_WHAT THE TASK REQUIRES:_ From the listing below, output the lines between the one with "5 bedrooms, desk, iron/ironing" and the one with "Hyundaı Sinyal H100 97-02 Sağ (Duylu)", including those two, and nothing else. Pictures are not copied.

_DATA RECORDS:_
★ ★ ★ ★ ★

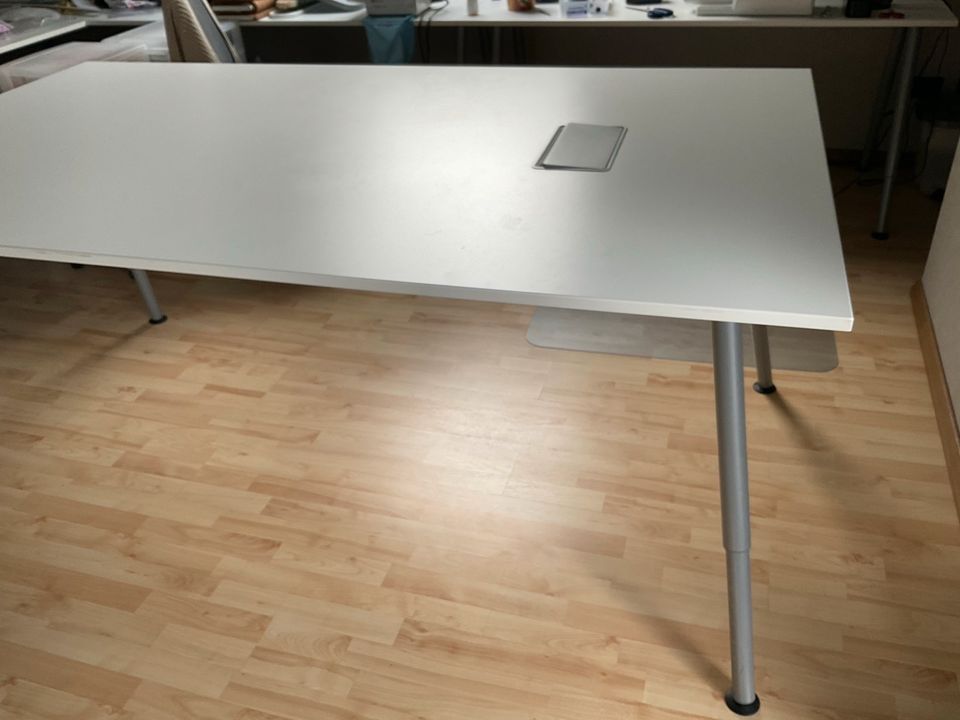 Schreibtisch 110x195 cm, höhenverstellbar, neuwertig in Polch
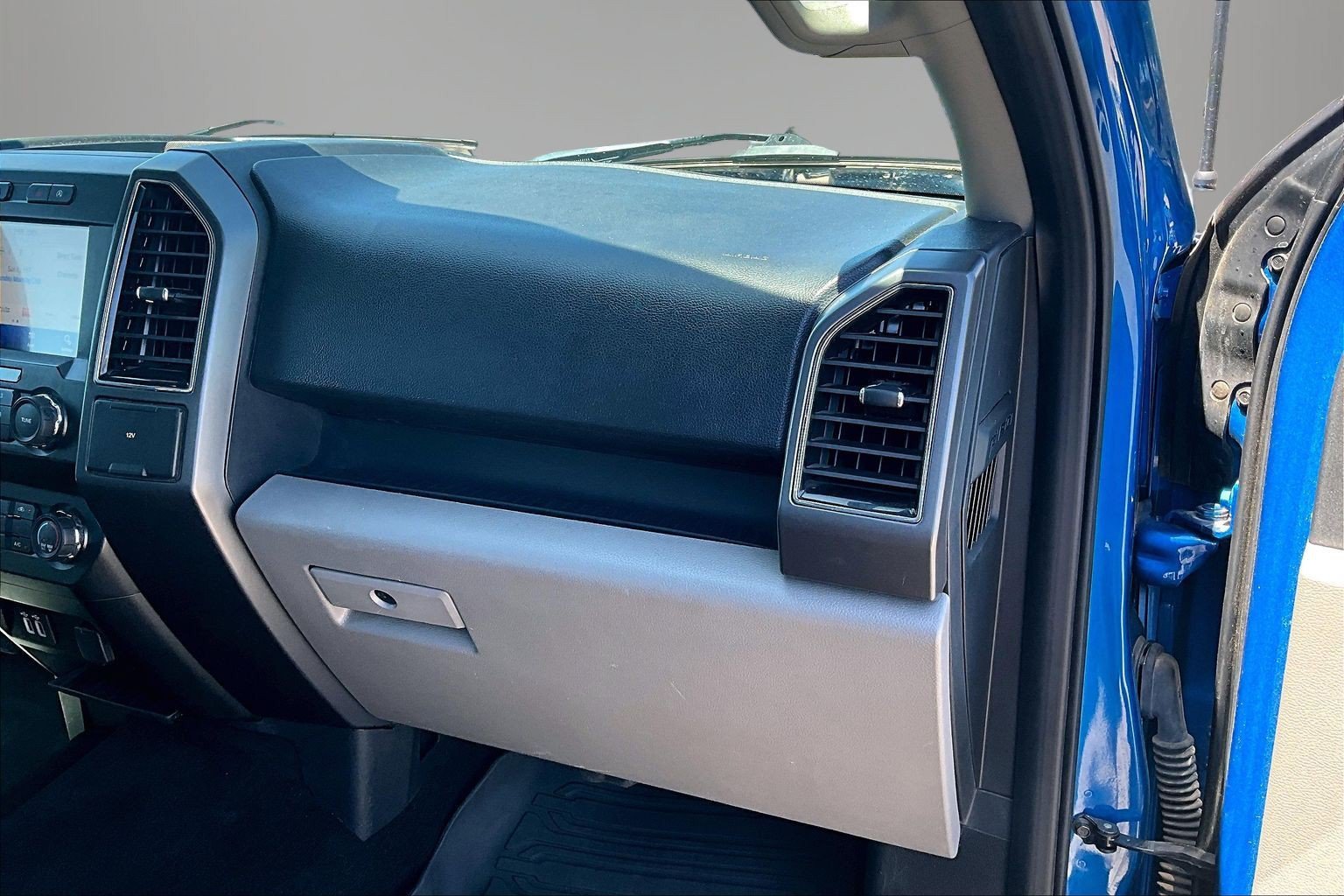 Used 2020 Ford F150 XLT w/ Equipment Group 302A Luxury AWD/4WD image 26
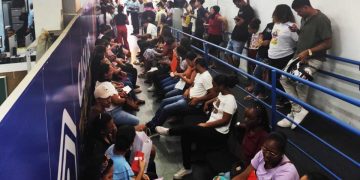 Casa do Trabalhador abre a semana com 426 vagas de emprego; confira as áreas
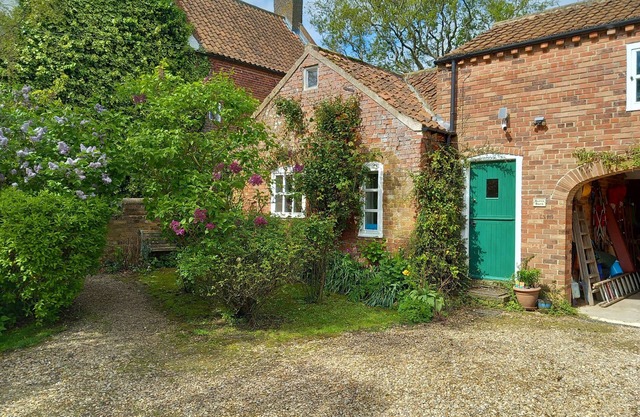 BERRY GRANGE, pet friendly, avec un jardin à Mablethorpe, Ref 949128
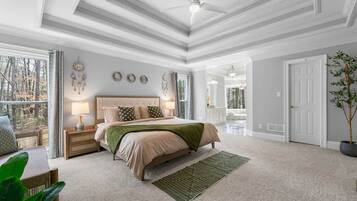 5 bedrooms, desk, iron/ironing board, free WiFi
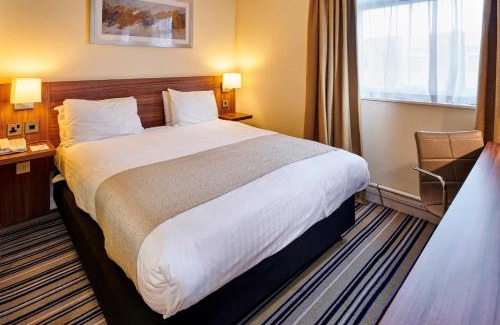 Garforth Hotel | Holiday Inn Leeds Garforth by IHG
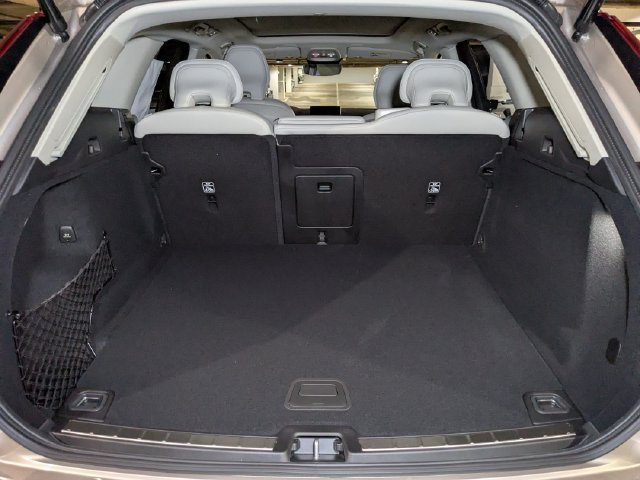 New 2026 Volvo XC60 B5 Ultra w/ Protection Package Premier AWD/4WD image 28
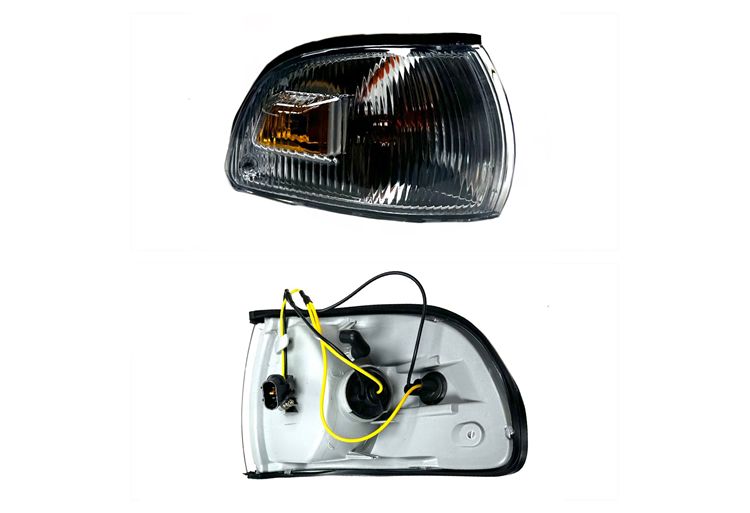 Hyundaı Sinyal H100 97-02 Sağ (Duylu)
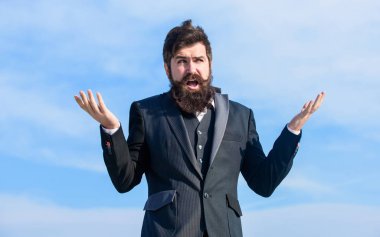 Yardıma ihtiyacım var. bir sorun var. İş adamı gökyüzüne karşı. Sakallı adam. bıyıklı vahşi kafkas hipster. Gelecekteki başarı. resmi moda. Sakallı olgun hipster sorunu çözmek. iş sorunu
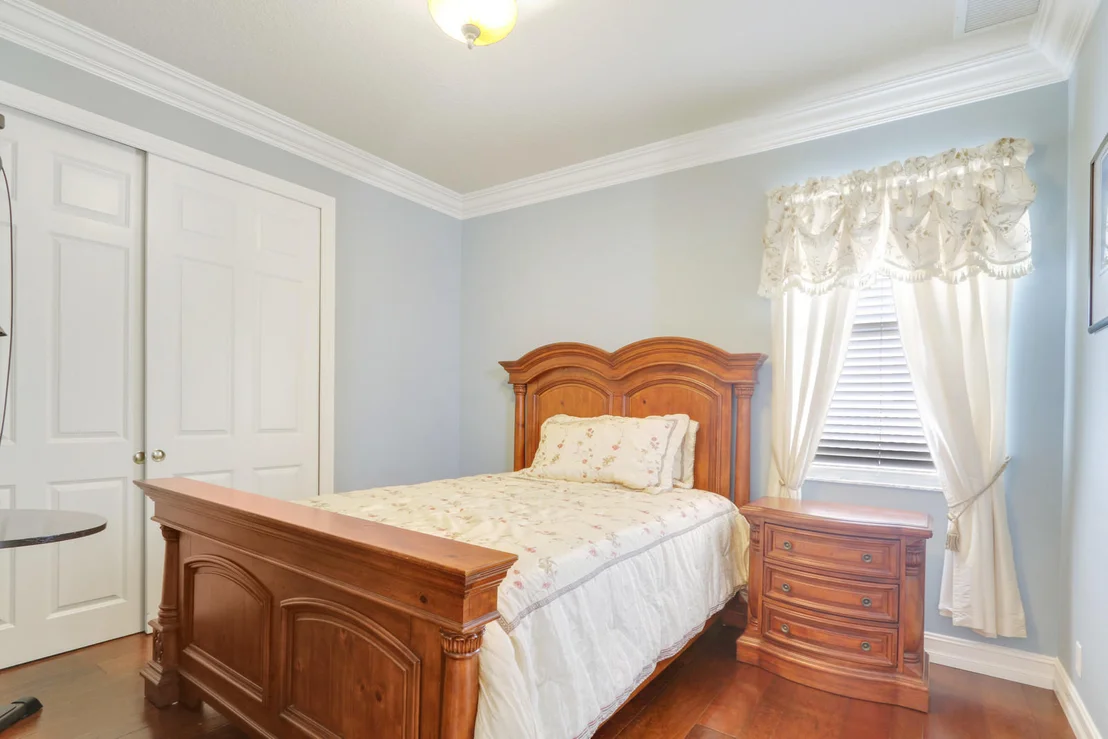 Photo of 533 Edgebrook Lane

★ ★ ★ ★ ★

_OUTPUT FOR THIS EXERCISE:_
 5 bedrooms, desk, iron/ironing board, free WiFi
 Garforth Hotel | Holiday Inn Leeds Garforth by IHG
 New 2026 Volvo XC60 B5 Ultra w/ Protection Package Premier AWD/4WD image 28
 Hyundaı Sinyal H100 97-02 Sağ (Duylu)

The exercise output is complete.